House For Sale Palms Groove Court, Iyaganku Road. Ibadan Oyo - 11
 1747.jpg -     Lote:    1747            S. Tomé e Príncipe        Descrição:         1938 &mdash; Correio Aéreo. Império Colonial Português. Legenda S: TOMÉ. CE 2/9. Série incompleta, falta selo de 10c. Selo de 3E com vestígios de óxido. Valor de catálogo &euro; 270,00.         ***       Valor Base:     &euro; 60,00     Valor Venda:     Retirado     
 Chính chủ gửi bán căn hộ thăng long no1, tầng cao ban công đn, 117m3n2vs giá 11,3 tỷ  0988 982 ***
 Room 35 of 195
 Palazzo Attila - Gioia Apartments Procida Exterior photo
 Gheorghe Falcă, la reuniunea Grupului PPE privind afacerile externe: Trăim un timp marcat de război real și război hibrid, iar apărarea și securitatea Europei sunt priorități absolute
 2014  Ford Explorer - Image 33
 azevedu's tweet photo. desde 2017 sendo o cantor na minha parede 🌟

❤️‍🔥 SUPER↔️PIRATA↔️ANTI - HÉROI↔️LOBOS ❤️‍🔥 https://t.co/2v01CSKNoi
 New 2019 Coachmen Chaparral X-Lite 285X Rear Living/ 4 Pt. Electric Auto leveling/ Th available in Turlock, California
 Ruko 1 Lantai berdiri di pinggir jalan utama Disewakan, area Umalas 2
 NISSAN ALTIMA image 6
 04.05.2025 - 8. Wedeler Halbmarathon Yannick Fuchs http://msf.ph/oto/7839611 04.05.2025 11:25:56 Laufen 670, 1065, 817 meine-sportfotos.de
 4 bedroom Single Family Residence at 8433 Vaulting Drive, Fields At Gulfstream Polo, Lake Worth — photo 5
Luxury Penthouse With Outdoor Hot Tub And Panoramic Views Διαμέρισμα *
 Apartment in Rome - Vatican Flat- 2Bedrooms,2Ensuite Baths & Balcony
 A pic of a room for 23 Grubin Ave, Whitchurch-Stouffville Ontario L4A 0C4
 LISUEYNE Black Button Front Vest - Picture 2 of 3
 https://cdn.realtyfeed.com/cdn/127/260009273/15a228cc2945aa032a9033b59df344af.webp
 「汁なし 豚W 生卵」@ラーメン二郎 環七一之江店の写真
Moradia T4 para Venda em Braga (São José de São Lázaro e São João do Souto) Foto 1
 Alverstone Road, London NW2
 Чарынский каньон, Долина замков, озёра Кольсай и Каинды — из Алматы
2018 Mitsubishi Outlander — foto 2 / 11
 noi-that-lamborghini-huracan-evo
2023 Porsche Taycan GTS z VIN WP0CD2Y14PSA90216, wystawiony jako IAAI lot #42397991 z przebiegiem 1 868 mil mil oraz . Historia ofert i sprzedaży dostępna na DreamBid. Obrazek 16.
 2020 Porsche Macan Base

==================================================

• [Work item] Could you please copy the lines above exactly, beginning at the first and ending at the line that contains "Tomé e Príncipe"?

• [Response]
House For Sale Palms Groove Court, Iyaganku Road. Ibadan Oyo - 11
 1747.jpg -     Lote:    1747            S. Tomé e Príncipe        Descrição:         1938 &mdash; Correio Aéreo. Império Colonial Português. Legenda S: TOMÉ. CE 2/9. Série incompleta, falta selo de 10c. Selo de 3E com vestígios de óxido. Valor de catálogo &euro; 270,00.         ***       Valor Base:     &euro; 60,00     Valor Venda:     Retirado     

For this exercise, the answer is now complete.